Dans le cadre de la loi dite "pour la liberté de choisir son avenir professionnel", portée par la ministre du Travail Muriel Pénicaud et votée par le Parlement à l'été 2018, les Organismes paritaires collecteurs agréés (OPCA) vont être remplacés par des Opérateurs de compétences (OPCO), des structures chargées d'assurer le financement des contrats d'apprentissage et de professionnalisation, d'élaborer une gestion prévisionnelle des emplois et de leurs compétences, et enfin de financer les plans de formation des PME-TPE. De fait, les organisations professionnelles représentatives sont tenues de signer au moins un accord les rattachant à un OPCO. Dans le bâtiment comme dans les autres secteurs d'activité, les négociations ont commencé, mais la tournure que prennent les évènements risque-t-elle de diviser la profession ? Alors que les fondations du futur OPCO de la Construction sont en train de se mettre en place, les deux principales organisations du secteur, la Capeb (Confédération des artisans et petites entreprises du bâtiment) et la FFB (Fédération française du bâtiment), affichent en effet leur désaccord.

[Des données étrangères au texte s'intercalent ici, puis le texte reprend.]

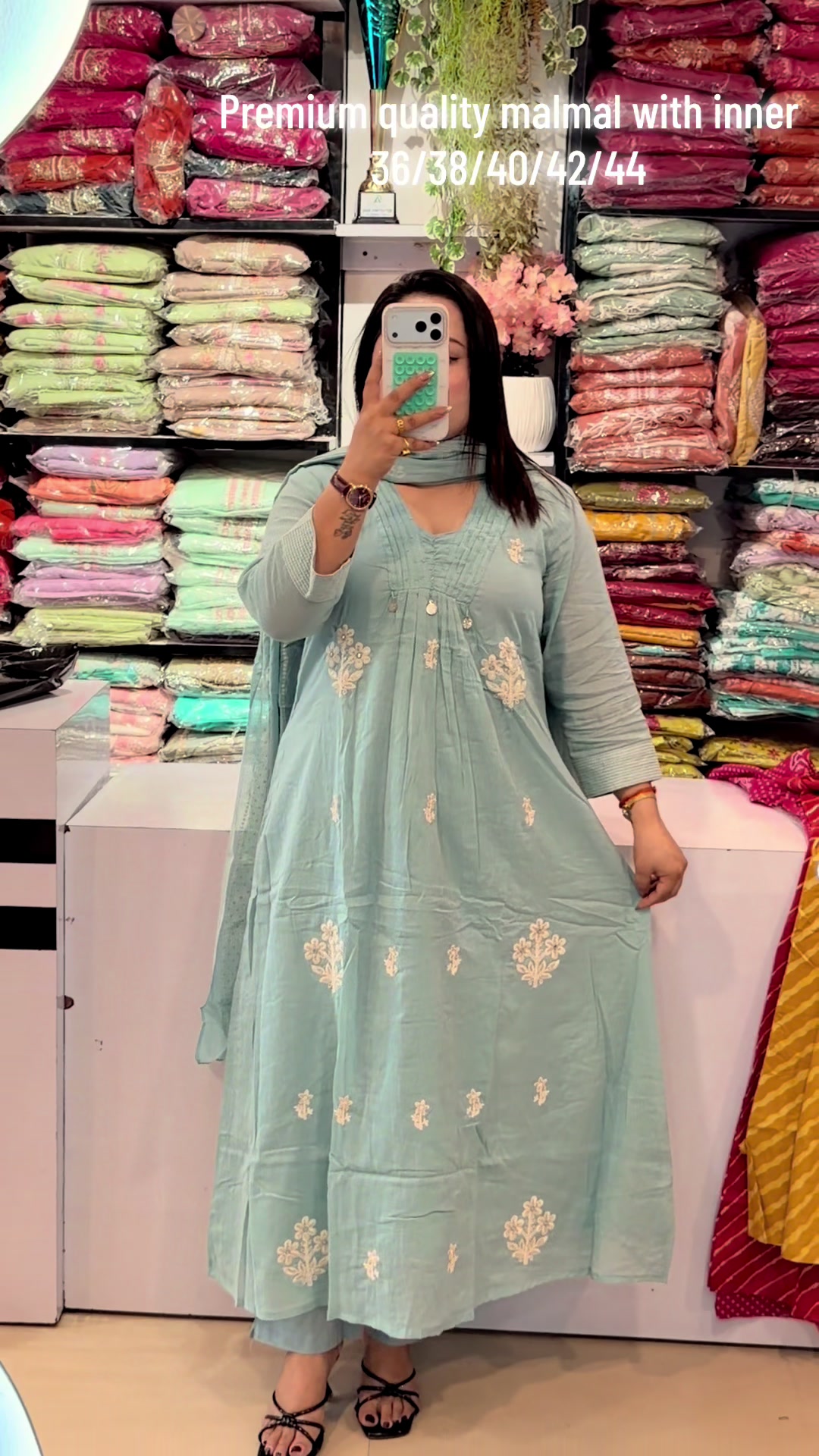 @Preety_collection🛍️🛍️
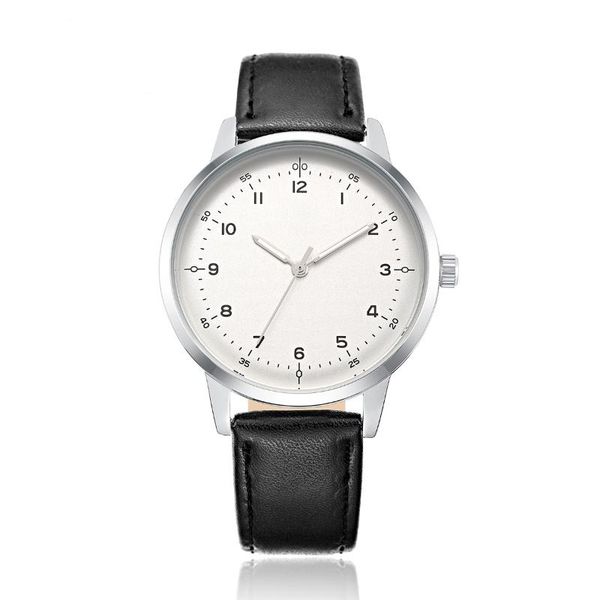 wristwatches brand woman bracelet watches ladies roman numeral stainless steel quartz dress femal, Slivery;brown
wristwatches brand woman bracelet watches ladies roman numeral stainless steel quartz dress femal, Slivery;brown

À cheval sur les OPCO de la construction et des entreprises de proximité
"Historiquement, nous avons participé à la création de l'OPCA de la Construction, et depuis 2011, nous sommes dans son giron. Donc nous avons fait le choix de participer aux négociations d'aujourd'hui sur l'OPCO", explique le trésorier adjoint de la Capeb, Jean-Christophe Repon, contacté par Batiactu. "Mais devant la qualité négative et la non-écoute résultant de ce nouvel accord, nous avons décidé de rejoindre l'OPCO Pepss [Opérateur de compétences des professions de proximité et de ses salariés, ndlr]." Cette structure, chapeautée par l'Union des entreprises de proximité (U2P), présenterait l'avantage de mieux représenter les adhérents de la Capeb, qui sont pour l'écrasante majorité des TPE-PME. Car le problème est bien là : la confédération reproche à l'OPCO de la Construction de ne pas prendre en considération les petites structures, et de passer à la trappe leurs spécificités. "La Capeb doit être en mesure de proposer des services de formation aux TPE, donc concrètement aux entreprises de moins de 11 salariés, qui disposent de contributions conventionnelles particulières. Nous voulions retranscrire cet aspect dans le champ d'application de l'OPCO, mais la FFB a refusé."

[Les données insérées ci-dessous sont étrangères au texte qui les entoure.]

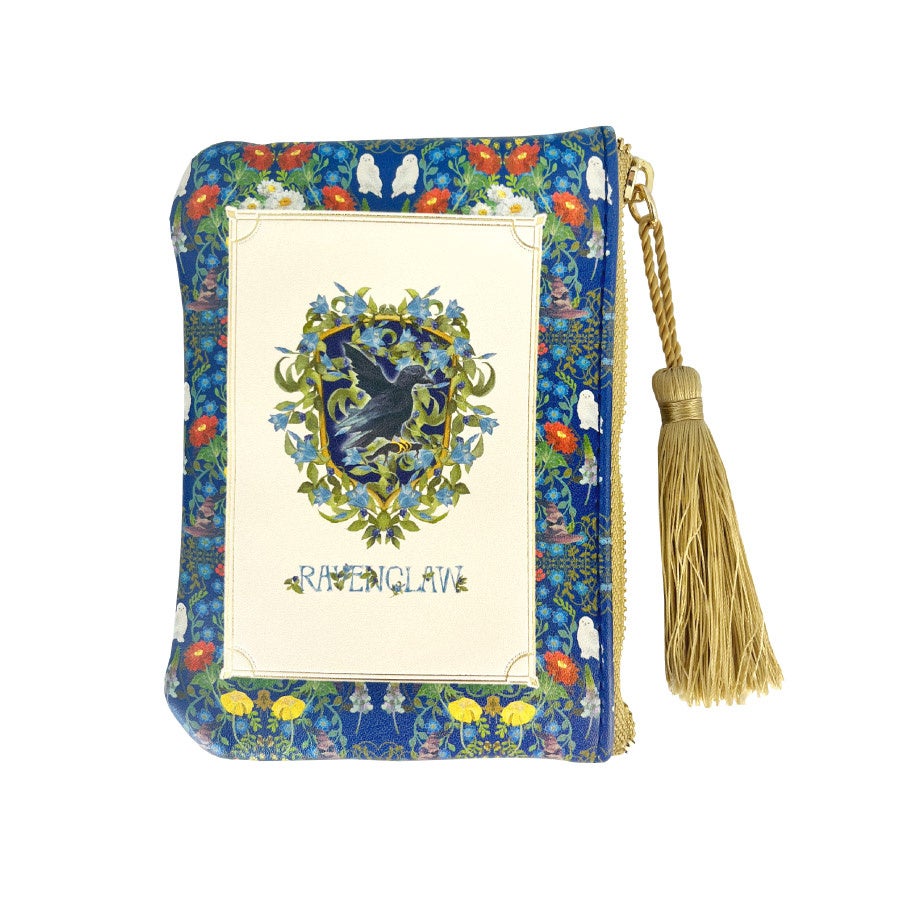 レイブンクロー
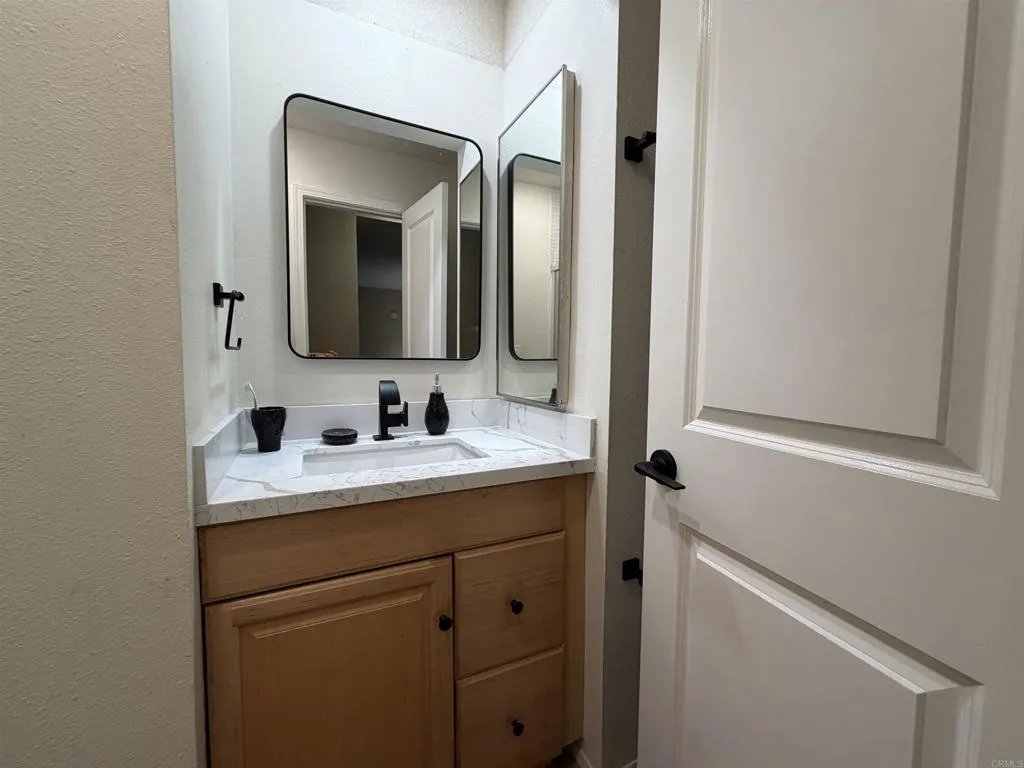 Photo #5: PTP2600812 Listing: Photo #5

Le dernier mot reviendra au Gouvernement
Pour rappel, les contributions à la formation professionnelle s'élèvent à 0,35% de la masse salariale pour les entreprises de moins de 11 salariés, et à 0,20% pour les structures de taille supérieure. Or les représentants de la Capeb craignent la mise en place d'un "pot commun", mettant au même niveau petites et grandes entreprises : "Tout le monde se servira dans ce pot mutualisé, quelle que soit sa taille. Dans ces conditions, nous n'avons eu d'autre choix que de signer l'accord de l'OPCO Pepss, par souci de responsabilité. Mais il était en même temps inenvisageable que notre organisation ne fasse pas partie de l'OPCO de la Construction", insiste Jean-Christophe Repon. Au final et dans tous les cas, le Gouvernement tranchera en analysant la cohérence des champs des différents OPCO avec lesquels l'organisation a signé un accord.
Difficile marge de manœuvre donc pour la confédération, qui se retrouve dans un périmètre contraint. "Notre but reste le même : défendre nos entreprises, et leur proposer des services de qualité pour qu'elles puissent monter en compétence. Mais nous resterons vigilants sur la poursuite des négociations. Face à la volonté hégémonique de la FFB de régner sur l'OPCO de la Construction, il n'est pas pensable que les 400.000 petites entreprises du bâtiment ne soient pas représentées."